I couldn't figure out how to proceed after applying Newton's second law as friction's direction kept changing. 
 A: The problem with a block on a surface is somewhat challenging, since a) the friction force abruptly changes when the velocity changes sign (i.e. the direction of motion changes), and b) one needs to distinguish the regimes where the restoring force is greater or less than the maximum value of the friction force $\mu N$. This results in a non-linear problem that needs to be solved by sewing piecewise solutions.
An easier and more frequently treated problem is the case of a friction force proportional to velocity, which, e.g., would be the case of a pendulum slowered by the air:
$$\mathbf{F} = -\gamma \mathbf{v},$$
where $\gamma$ is the friction coefficient. With the usual approximations on the pendulum displacement (i.e., after linearizing the trigonometric functions) one obtains equation
$$m\ddot{x} -\gamma \dot{x} +m\omega^2x = 0,$$
which is a solvable linear differential equation, resulting in damped oscillations.
Update
Let us consider a block on a surface, under the action of a restoring force $-kx$ and a static-sliding friction force. For simplicity we consider the case where the block is initially at rest, i.e. its initial velocity is zero, $\dot{x} = 0$.

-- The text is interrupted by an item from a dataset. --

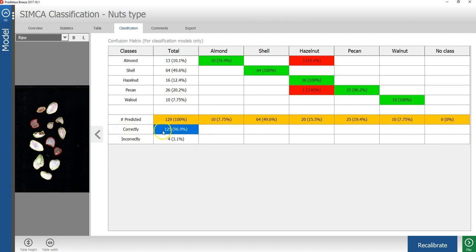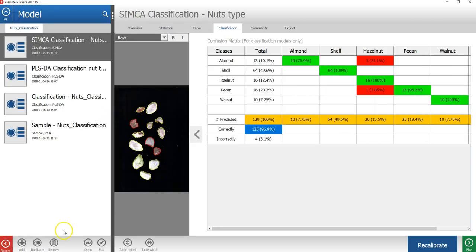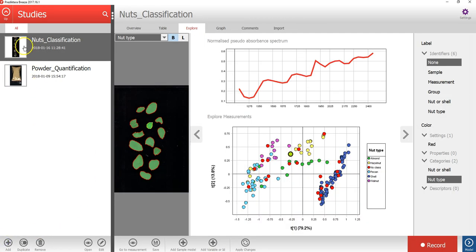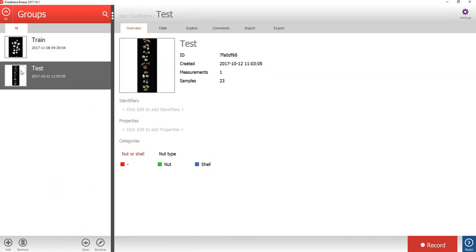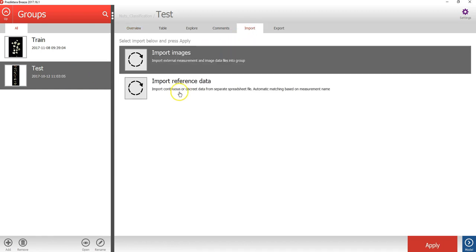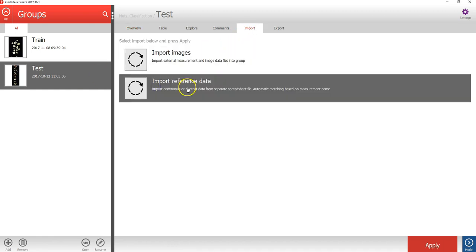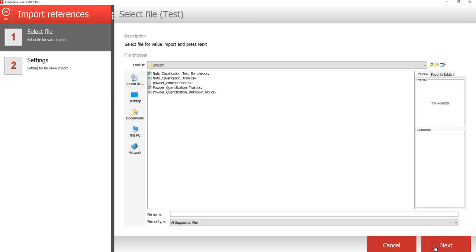To validate the model, you should always use an external test set to see how well it can classify samples that were not in the training data. Let's go back to the record view. I will then open nuts classification study and select the test group this time. I will go to the import tab and then import reference data for this group.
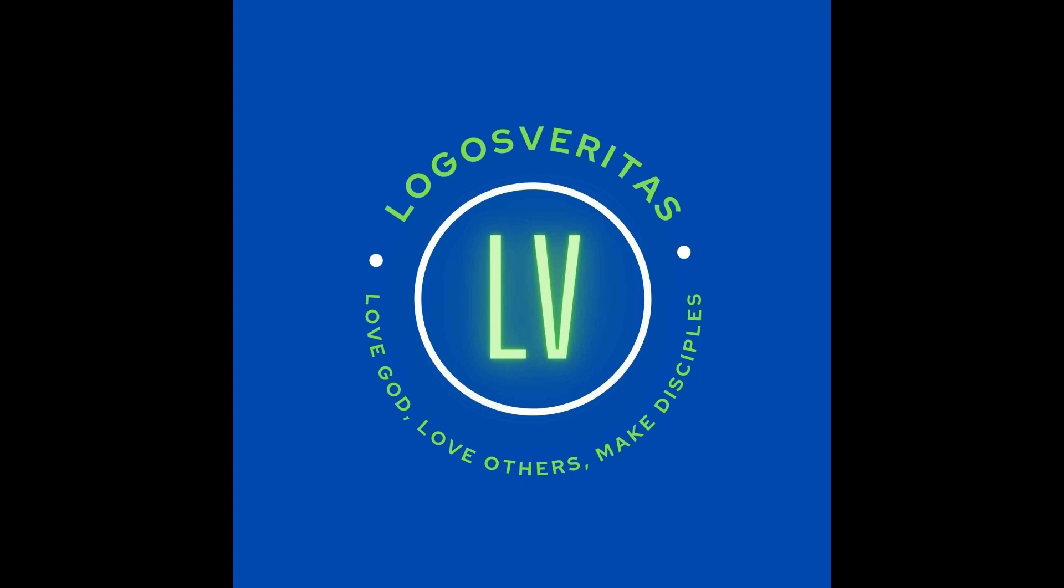Hello everyone, this is Brett Rogers, your host here on the Logos Veritas Podcast Experience, a place where we come together to learn how to love God, love others, and make disciples. If that sounds like the kind of thing you'd be interested in, I'm glad to have you on the real stage.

First of all, if $|x|<\mu N/k$ no motion will occur, since the static friction force balances the restoring force. If $|x|>\mu N/k$ the motion will occur, governed by the Newton's equation
$$m\ddot{x} = \pm \mu N - kx,$$
where the sign in front of the friction force depends on the direction of the block motion. formally, this could be written as
$$m\ddot{x} = -\text{sign}(\dot{x}) \mu N - kx,$$
where
\begin{equation}\text{sign}(\dot{x}) = \begin{cases} +1, \text{ if }\dot{x}>0,\\ -1,\text{ if }\dot{x}<0\end{cases}.\end{equation}
As was mentioned in the beginning, it is easier to solve this problem in piecewise manner:

*

*if $x_0>\mu N/k$, the motion is governed by equation $$m\ddot{x} = \mu N - kx,$$ which is the equation of an oscillator under the action of a constant force, with equilibrium position $x_{eq} = \mu N/k$, and the amplitude $A=x_0 -\mu N/k$. It will swing through its equilibrium position and stop at the point $x_1 = x_{eq} - A = 2\mu N/k - x_0$.

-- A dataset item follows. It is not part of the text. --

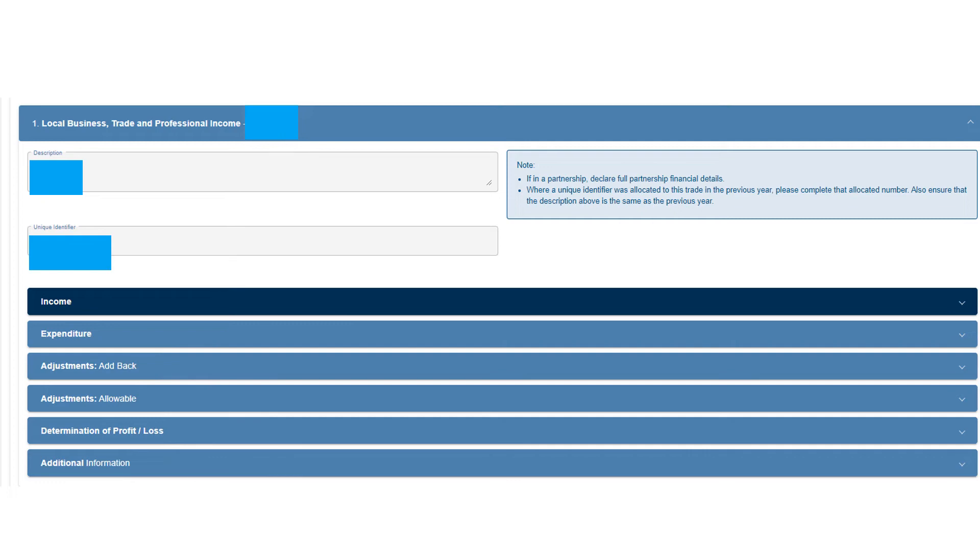Go down to that part and then you can add a description of what you're doing, for argument's sake graphic design. Unique identifier, if it's the first year you're declaring it you won't have that. If you've declared in previous years, make sure you get the unique identifier from previous years. That'll be on your assessment and I'll also put a link in the description below to see how to get your assessment.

*if $x_1 < -\mu N/k$, the oscillator will swing back. Its velocity is now positive, and  motion is now governed by equation $$m\ddot{x} = -\mu N - kx,$$ which is the equation of an oscillator under the action of a constant force $-\mu N$, with equilibrium position $x_{eq} = -\mu N/k$, and amplitude $A = |x_1 - x_{eq}| = -\mu N/k - x_1$ The oscillator will thus stop at $x_2 = -\mu N/k + A = -2\mu N/k -x_1 = x_0 - 4\mu N/k$.

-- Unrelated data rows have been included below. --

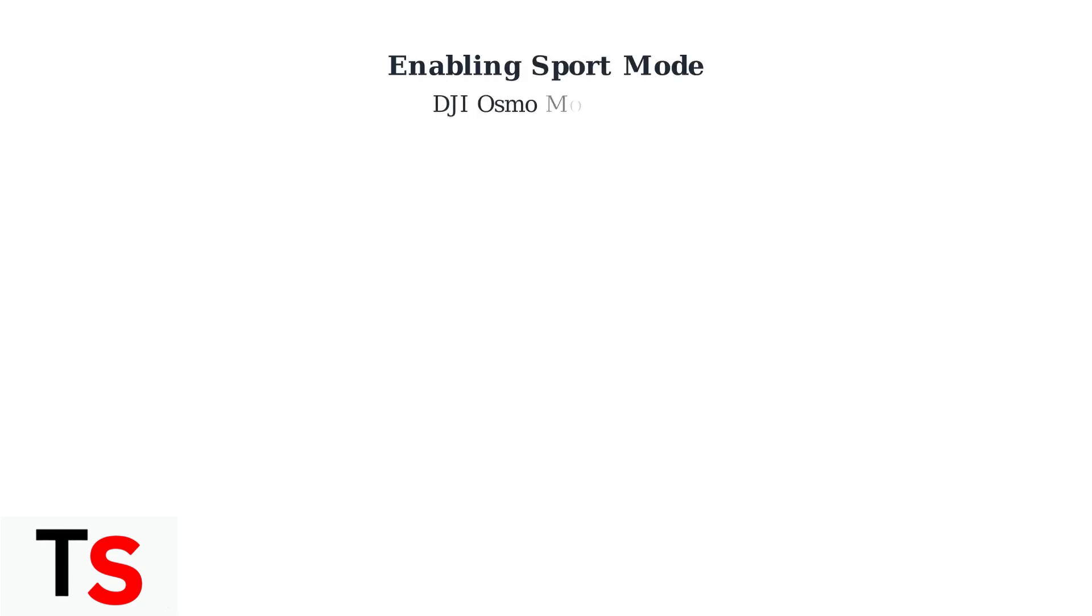Sport mode on the DJI Osmo Mobile 7P enhances gimbal responsiveness, making it perfect for capturing fast-moving subjects and dynamic action shots.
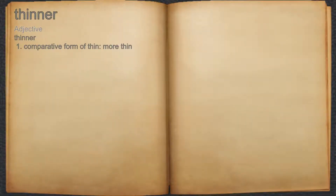Thinner. Adjective. 1. Comparative form of thin, more thin.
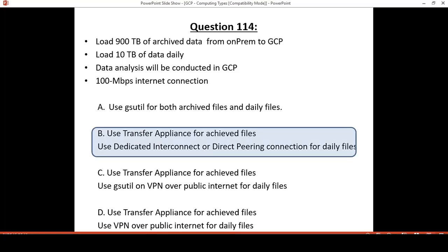I have finished the presentation today about data transfer. I hope it was useful to you. If you like it, please subscribe to our channel and share with others. Thank you very much.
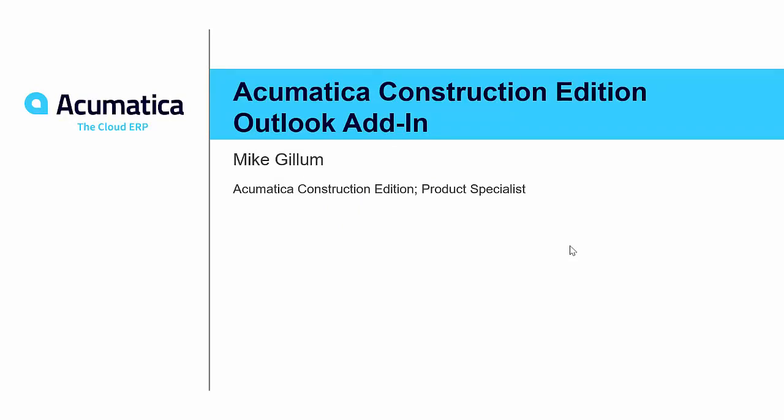Product Specialist for the Acumatica Construction Edition. For today's short demonstration video, I'm going to be walking you through the Acumatica Construction Edition Outlook Add-in.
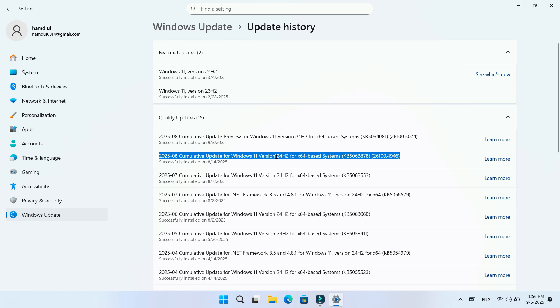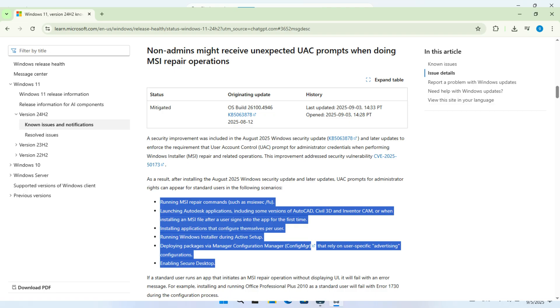This was done to fix a security vulnerability labeled CVE-2025-0173. Because of this, UAC prompts for admin rights may now appear for standard users in certain cases. Here are some examples Microsoft listed: running MSI repair commands, opening Autodesk apps like AutoCAD, Civil 3D, or Inventor CAM.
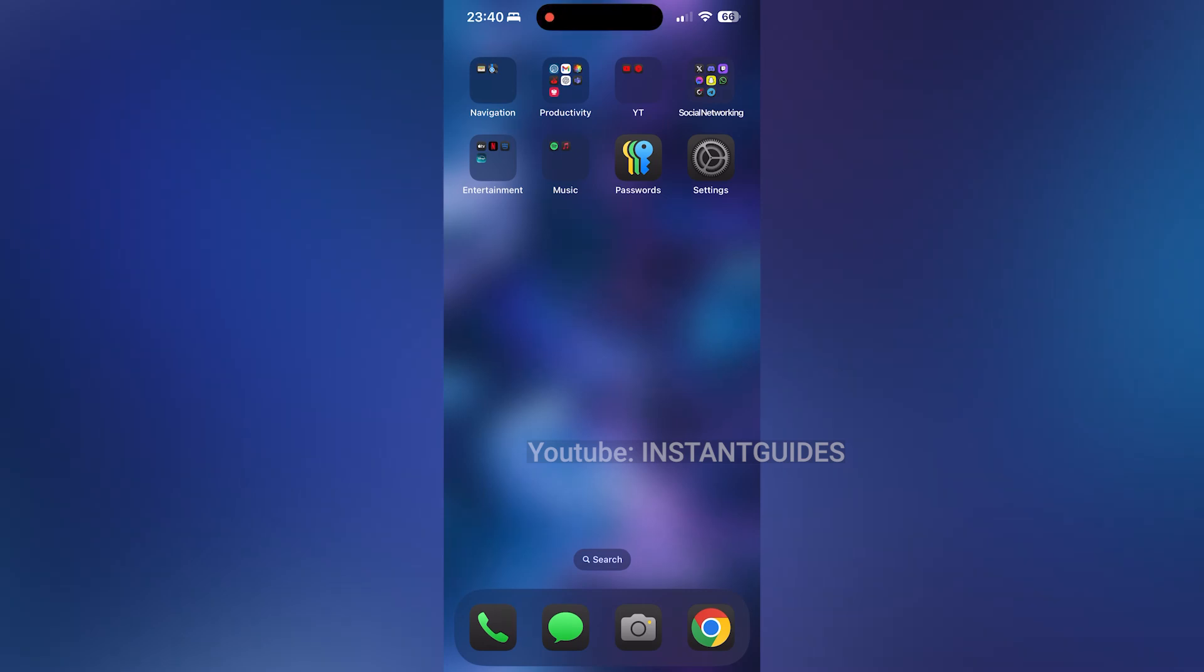Hey everyone, welcome back to Instant Guides. In today's tutorial, I'll show you how to set up and share your personal hotspot on your iPhone.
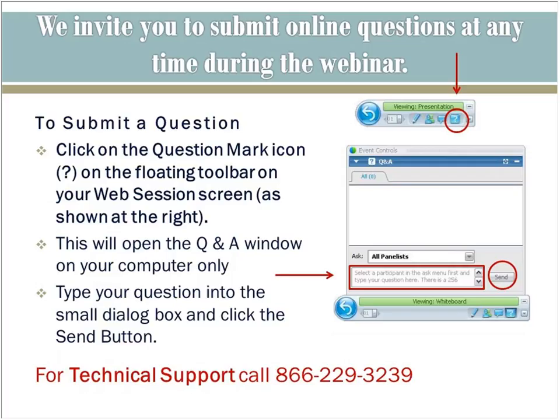Before we begin our presentation, we need to take care of a little housekeeping. During the presentation, all participants will be in a listen-only mode. We will have a question and answer session at the end using the Q&A feature. You may submit questions at any time, and we will answer as many as possible. To ask a question, click on the Q&A panel in the lower right-hand portion of the screen, type your question, and click Send. We expect our presentation to last about 45 minutes, then 15 minutes for Q&A.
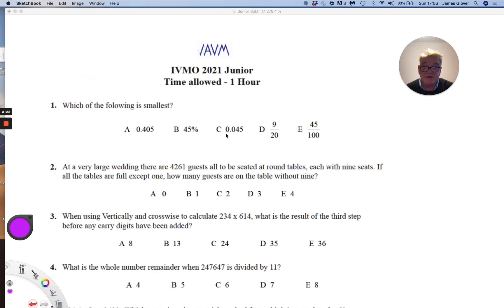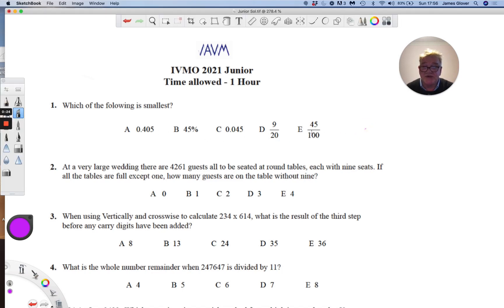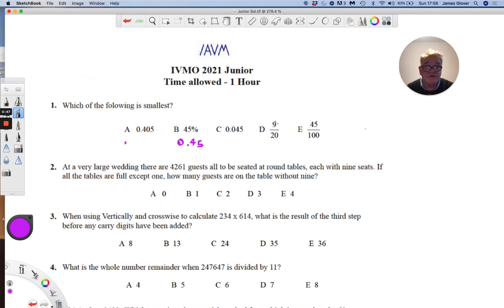This requires us to transpose using sutra transpose and adjust all these numbers either to fractions, percentages, or decimals. It's probably easiest to convert them all to decimal numbers. 45 is 0.45; it's 9/20th, and if we multiply top and bottom by 5 we get 45 over 100, so that's also 0.45. And this is 0.45. The question is which is the smallest, and clearly it is number C.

We can continue reasoning in this way and arrive at the following recursive solution:
$$x_{2n+1} = 2\mu N/k - x_{2n},\\
x{2n+2} = - x_{2n + 1} -2\mu N/k.$$
The solution of this equations for the stopping points is
$$x_{2n} = x_0 -\frac{4n\mu N}{k},\\
x_{2n+1} = \frac{2(2n+1)\mu N}{k} - x_0,$$
while $|x_{i}|> \mu N/k$!
With some patience this solution could be generalized to the case of arbitrary initial conditions.